Some wood stoves come with electric fans on the back that help blow warm air into the room. I find them loud and obnoxious (but then I hate background noise... I wake up when the bathroom fan kicks on).

You can however buy a wonderful fan to help blow the heat out into the room that requires ZERO electricity, and is very quiet.

Here are 2 choices that popped up when I googled. Huge price difference... no idea if the higher price one is better.

SmartSelect_20220519-220419_Samsung Internet.jpg


Anyway... they sit on the top of the wood stove, and the heat from the stove heats up the fan, and the heat itself powers the fan. So, once it gets hot enough it starts to spin.

We have one, and it works great. We use only wood heat for the living area of the house.

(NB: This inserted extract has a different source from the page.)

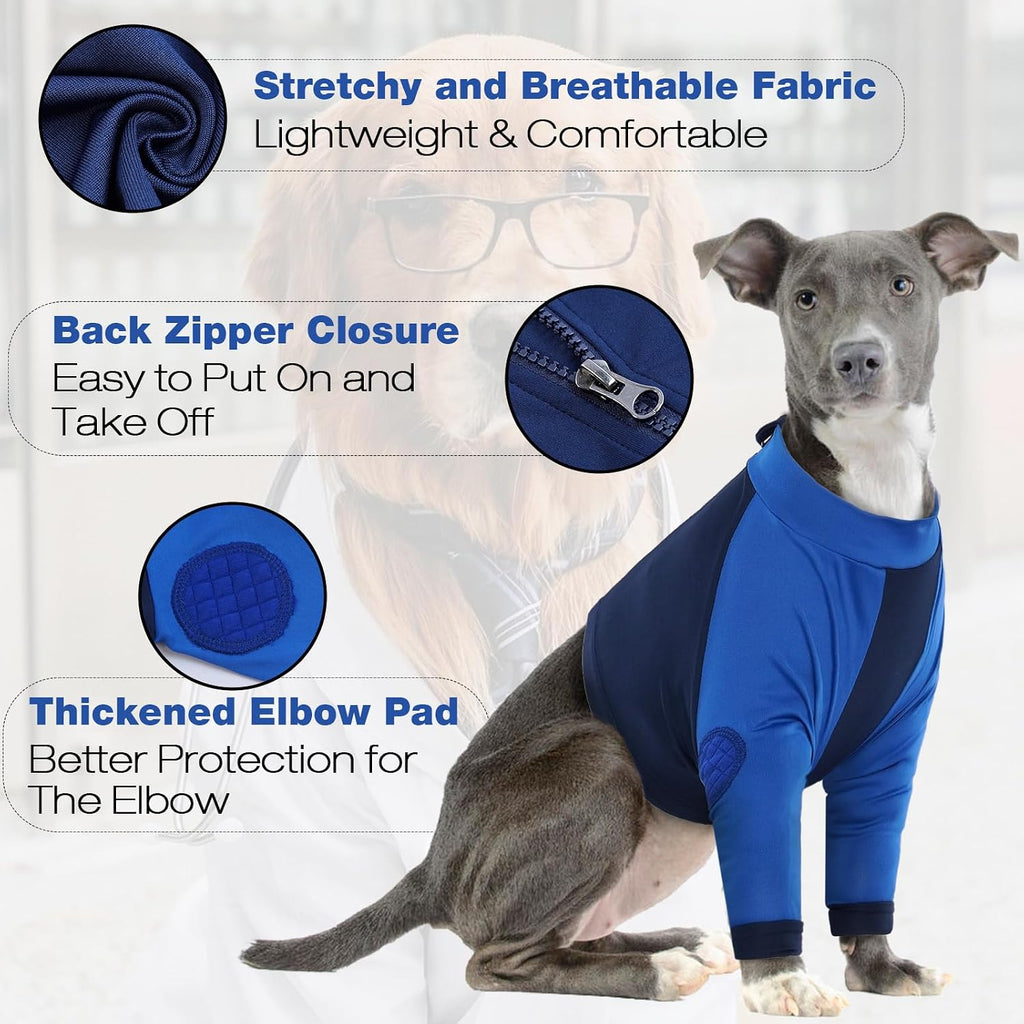 LeLePet anti licking protective sleeve close up on padded elbow joints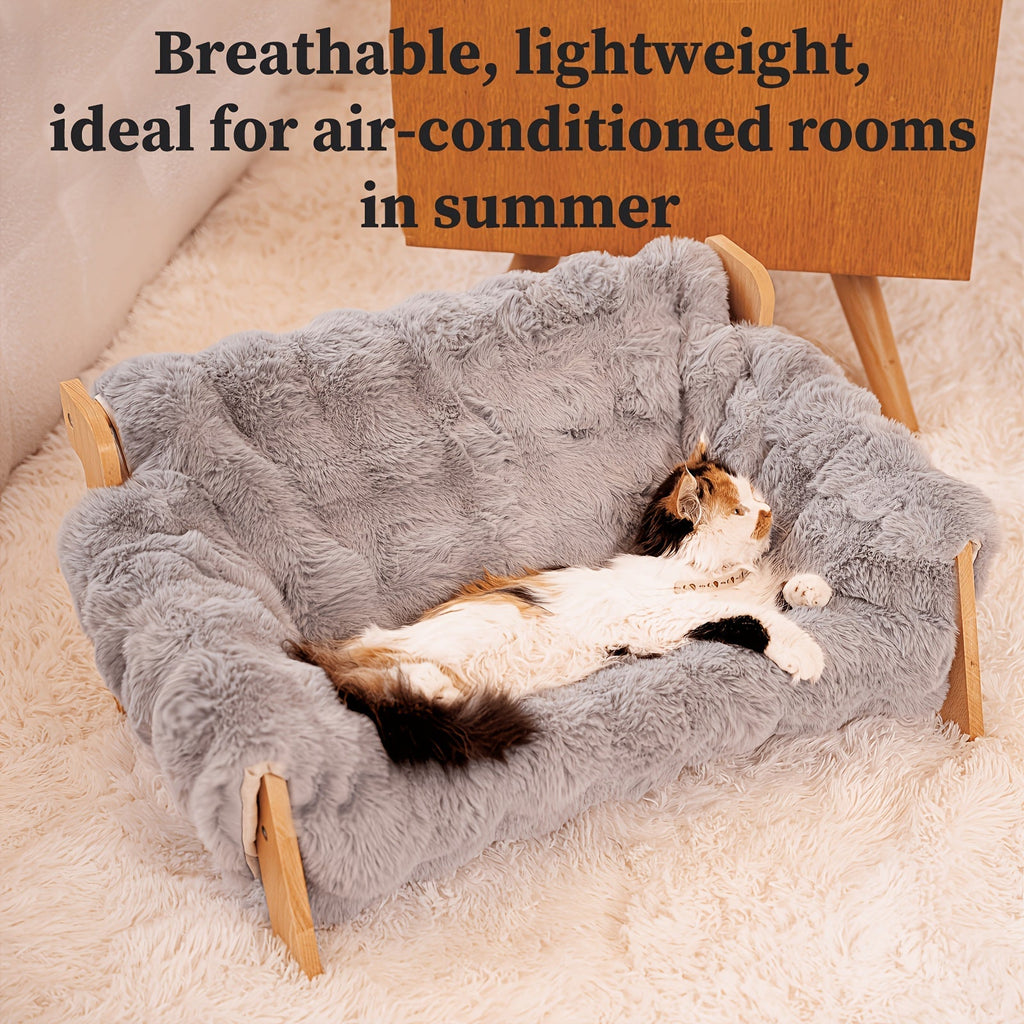 Elevated Pet Sofa Bed Solid Wood Frame Bamboo Mat Replaceable Fleece Mattress Modern Lounge Chair for Small Medium Dogs Cats Gray White Bamboo Style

As to a wood stove, so many choices!!!!

Now that I have lived with 3 different wood stoves, I would recommend an EPA certified NON-catalyitic stove that has enough flat space on top to put at least one pot (like for soup). But don't pick a cook stove model... a regular "heat your house" model will still have a plenty hot enough top to cook soup or beans ... as long as there is enough flat space to hold the pot.

Also, the non-catalytic has to have a baffle so that you can bypass the twisty turny/ fully burn up the smoke part. So, you turn the baffle one way, and you get an inefficient fire... a fire in a metal box, with a straight up chimney pipe.

Something like that means an EASY START UP THE FIRE.

THEN, once the fire is roaring, you turn the baffle to "make smoke take twisty turny path" to fully burn up particulates and make it EPA approved/environmentally friendly.

A catalytic stove does the same thing... except instead of a twisty turny path... the smoke goes through this thing that looks like a brick, the "catalytic" part. That brick cleans the smoke, and while doing so gets filled with gunk... so needs to be relaced every so many years... it cost about $300 years back when I last checked. If you burn any "trash", so wood that isn't fully dry, soft wood, letters, cardboard, etc.. it gets gummed up faster.

With the non-catalytic model you can burn whatever.